We develop the software for this purpose at our location in Berlin, which we sell to our customers, who in turn build their camera around it. VW will then use and further develop this in the future.

But we will continue to develop AI here in Berlin. On the one hand through the People Sensing team, but also with other topics - outside of cameras.


What other areas are you currently planning in? What plans does HELLA Aglaia have for the future?

We are currently working on the development of intelligent and safe control systems for high- and dual-volt batteries, in short: on the exciting topic of electromobility. We will also expand People Sensing and look for other markets for our product solutions too. There are some very exciting examples of this, such as building automation or building management, which can also be supported by a people counter. For example, if I know how many people are in a meeting room, I can control the heating or other things in the building.

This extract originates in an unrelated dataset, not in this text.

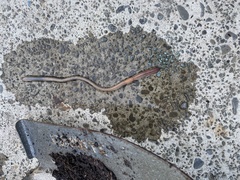 Lumbricus terrestris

We will act as an internal service provider for the HELLA Group worldwide, but will also market our AI solutions externally to third parties in the future. A typical application for AI is quality monitoring and improvement in production. Here we develop application-specific solutions to increase the cost efficiency, profitability and quality of products and thus of the company.

We will also be active in other domains, for example in controlling data with the aid of neural networks or when checking legal texts. There are many possible applications for artificial intelligence, which we’ll monitor with a team at HELLA Aglaia.


What advantages does your Berlin location have over others in the field of artificial intelligence?

There are various aspects to this, one of which is recruiting: it’s much easier for us in Berlin to get good people in the AI field than in other places. On the one hand, we’ve got lots of universities where people come from, and on the other the city is also attractive and exciting for newcomers from abroad. And third, we have the big start-up environment here in Berlin. Especially in the field of AI, there is an incredible amount happening here, which benefits us enormously.

A year and a half ago, we e.g. founded Drivery, the first subsidiary of HELLA Aglaia. There we’ve created an ecosystem around mobility for start-ups, but also for medium-sized companies, suppliers, investors and politicians. This is a place where people can create innovations together on an equal footing. We’ve benefited from the start-up environment in Berlin here too: around 70 percent of the start-ups in Drivery work on AI topics.

Just how prominent this topic is can be seen, among other things, from the fact that the 12,000 square meter area in the Drivery has developed very well in terms of capacity utilization despite Corona.

Especially in the crisis, many companies have become interested in cooperating, also owing to the complexity of the issues. In my opinion, cooperation should also become much more important in German industry in general. Personal exchange and a pooling of energies is still happening far too little. But Corona has been very supportive of people’s openness.


How do you think AI will develop in the coming years? Are we already much further than we thought, or are there still lots of innovations ahead of us?

Indeed, a lot has already happened in the last few years. Step by step, the topic of AI permeates almost all areas of our lives. However, one should not overestimate the current state of technology.

However, we are still a long way from having a similarity to human intelligence. There are certainly areas where AI works well and supports us humans or makes our lives more comfortable and safer. Nonetheless, we’ll probably have to keep working over the next few decades to ensure that it really does become what we imagine artificial intelligence can be. I believe there is a great deal of potential, but we also must invest massively. There are more and more issues that can be solved with AI. Therefore, the technology has a lot of potential. Nevertheless, we must approach the issue responsibly. Germany must also invest even more in research and development in order to remain internationally competitive and to be able to take a steering role. We should play an even more active role in shaping the future, shed our fears and use technology profitably.